Now, choice of the combination S shows that there will be substitution effect due to which the consumer will buy MN more of good X. Note that substitution effect is negative in the sense that the relative fall in price of good X has led to the increase in quantity demanded of X, that is, change in quantity demanded is in opposite direction to the change in price.

It should be noted that choice of combination S on segment QE in preference to combination Q of the budget line DE is not inconsistent because combinations on QE segment and within the shaded area QEB were not available before when combination Q was earlier chosen in price-income situation AB.

Thus, with the new budget line DE after consumer’s income has been adjusted to cancel out the gain in real income resulting from a relative fall in price of X, the consumer chooses either Q (when substitution effect is zero or a combination such as S on segment QE when substitution effect leads to the increase in quantity demanded of good X by MN.

This is generally known as Slutsky theorem which states that if income effect is ignored substitution effect will lead to the increase in quantity demanded of the good whose price has fallen. Therefore, according to Slutsky theorem, due to the negative substitution effect, the Marshallian law of demand describing inverse relationship between quantity demanded and price of a good will hold good, that is, due to substitution effect alone demand curve slopes downward.

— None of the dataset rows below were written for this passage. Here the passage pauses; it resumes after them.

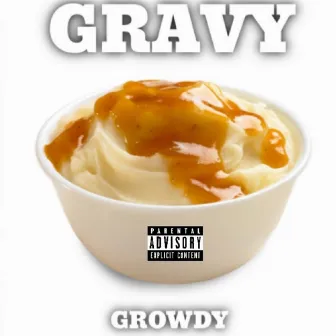 Gravy by Growdy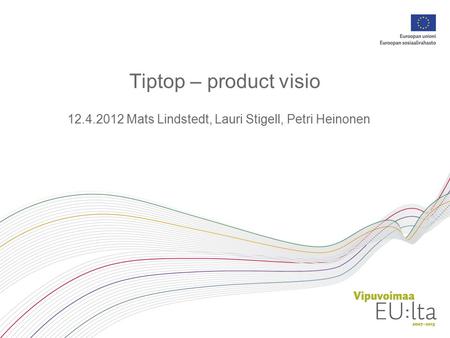 Tiptop – product visio 12.4.2012 Mats Lindstedt, Lauri Stigell, Petri Heinonen.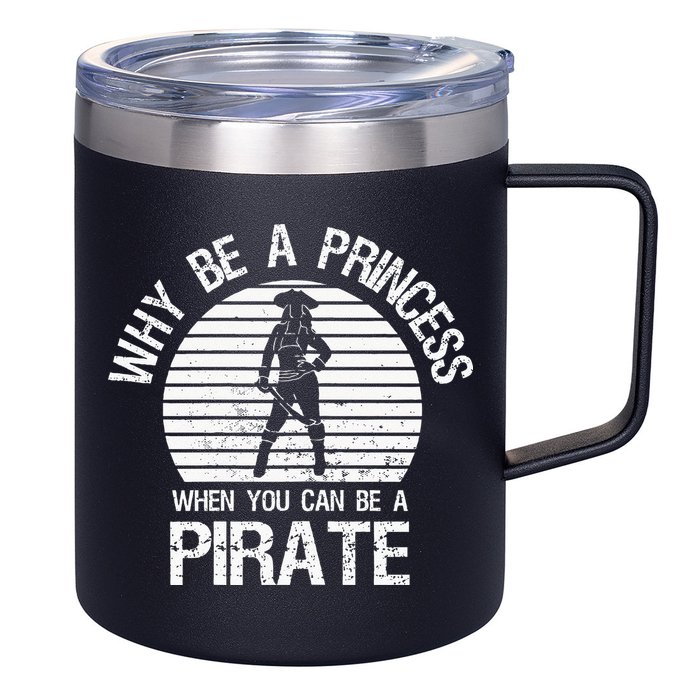 Why Be A Princess When You Can Be A Pirate 12oz Stainless Steel Coffee Mug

Now, if the consumer chooses the combination S on the line segment QE of budget line DE, it means that he buys MN more due to the substitution effect. Thus he prefers combination S to combination Q. In other words, his choice of S instead of Q reveals that he will be better off at S as compared to Q. Now, if money income withdrawn from him is restored to him so that he is faced with the budget line AC.

If income effect is positive, he will choose a combination, say R, on the budget line AC to the right of point S indicating that as a result of income effect he buys NH more of the commodity X Thus quantity demanded of commodity X increases by MN as a result of substitution effect and by NH as a result of income effect. This proves the law of demand stating inverse relationship between price and quantity demanded.

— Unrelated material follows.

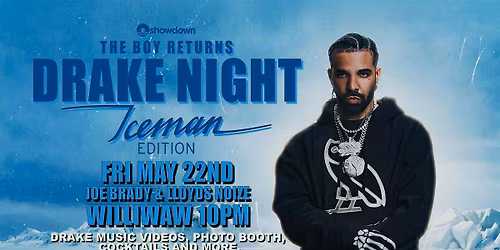 Drake Night Friday May 22nd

On budget line DE, if the consumer chooses combination Q and consequently substitution effect is zero, the whole increase in quantity demanded MH as a result of decline in price of good X will be due to positive income effect. However, it is more likely that the substitution effect will lead to the choice by a consumer a combination such as S that lies to the right of Q on the line segment QE and will therefore cause increase in quantity demanded. This substitution effect is reinforced by the positive income effect and as result we get a downward-sloping demand curve.

It needs to be emphasised that in revealed preference theory it is not possible to locate exact positions of points S and R obtained as a result of substitution effect and income effect respectively. It will be recalled that with indifference curve analysis we could obtain precise points to which a consumer moves as a result of substitution and income effects and these were the points of tangency of indifference curves with the relevant budget lines.

As explained above, revealed preference theory is based on the assumption that all points on or below the budget line are strongly ordered and relation of indifference of a consumer between some combinations of goods is therefore ruled out. In revealed preference theory, choice of a consumer reveals his preference for a chosen position; it cannot reveal indifference of the consumer between combinations.